Shawn Cruz Director of Derivative Strategy, TD Ameritrade

(Thursday Market Open) Equity index futures were trading higher before the opening bell but dropped from premarket highs after the European Central Bank’s (ECB) announced their interest rate decision and hardened their outlook on inflation and the economy.  

Potential Market Movers

The ECB said that inflation pressures have “broadened and intensified” but doesn’t plan to raise their key rate by 25 basis points until July. For June, the ECB kept the refi rate at zero and the savings rate at -0.5%. The ECB also said it will stop purchasing new bonds but plans to replace the bonds currently on their balance sheet. ECB appears to be worried about doing too much too fast to curb inflation because it decreased its economic outlook and likely fears making the situation worse.

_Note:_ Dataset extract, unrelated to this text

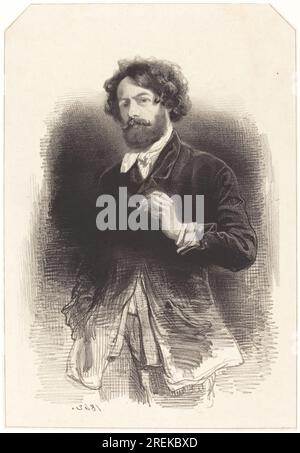 'Paul Gavarni, Autoportrait avec une cigarette, 1842, lithographie en noir sur chine collé, image : 22,5 x 15,5 cm (8 7/8 x 6 1/8 in.) Feuille : 32,3 x 25,9 cm (12 11/16 x 10 3/16 po), Fonds Ailsa Mellon Bruce, 1996,74,1' Banque D'Images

The Federal Reserve has been more aggressive than the ECB when it comes to inflation. It has already stopped its bond-buying program and is currently working to clear its balance sheet. Additionally, the Fed has increased its key rate twice to 1% as of May. This is why Friday’s Consumer Price Index (CPI) report is important for further insights it will provide to the U.S. inflation picture and future Fed rate hikes. Many analysts are hoping to see signs inflation has peaked.

Moving from the macro picture to the micro, discount retailer Five Below (FIVE) reported better-than-expected earnings despite delivering lower-than-expected revenues on weaker sales. FIVE also lowered its earnings outlook for the entire year. The stock was down more than 7.7% in premarket trading.

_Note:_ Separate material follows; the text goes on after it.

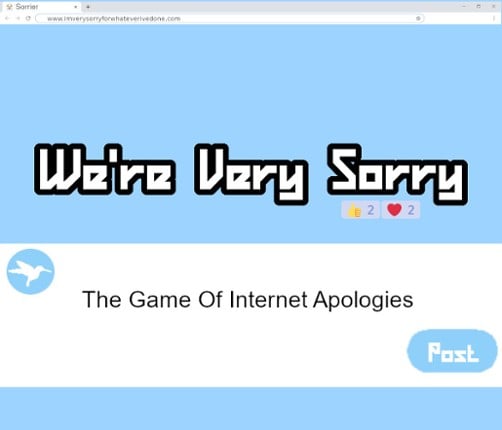 We're Very Sorry Game Cover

Despite cutting its earnings projections twice within a month’s time, Target (TGT) announced plans to boost its dividend by 20%. The move suggests that TGT sees its performance issues as short-term and aims to keep its long-term strategies in place.

Tesla (TSLA) rose 3.46% in premarket trading as UBS analysts upgraded the stock from neutral to buy with a price target of $1,100 per share. If TSLA were to hit that target, its shares would need to rise more than 50%.

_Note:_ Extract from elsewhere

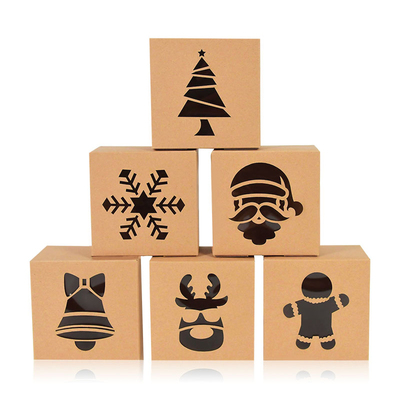 5pcs Christmas Kraft Paper Cookie Gift Boxes Candy Box Bags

Finally, Microsoft (MSFT) is creating a streaming gaming service allowing gamers to play XBOX games on Samsung television sets. The plan has been described as Netflix (NFLX) for gamers. The platform is expected to contain games from Activision Blizzard (ATVI), which Microsoft is in the process of acquiring. 

Reviewing the Market Minutes

The markets were pounded with a barrage of negative headlines that took the S&P 500 (SPX) down 1.08%, drove the Nasdaq Composite ($COMP) lower by 0.73% and trimmed the Dow Jones Industrial Average ($DJI) by 0.81%.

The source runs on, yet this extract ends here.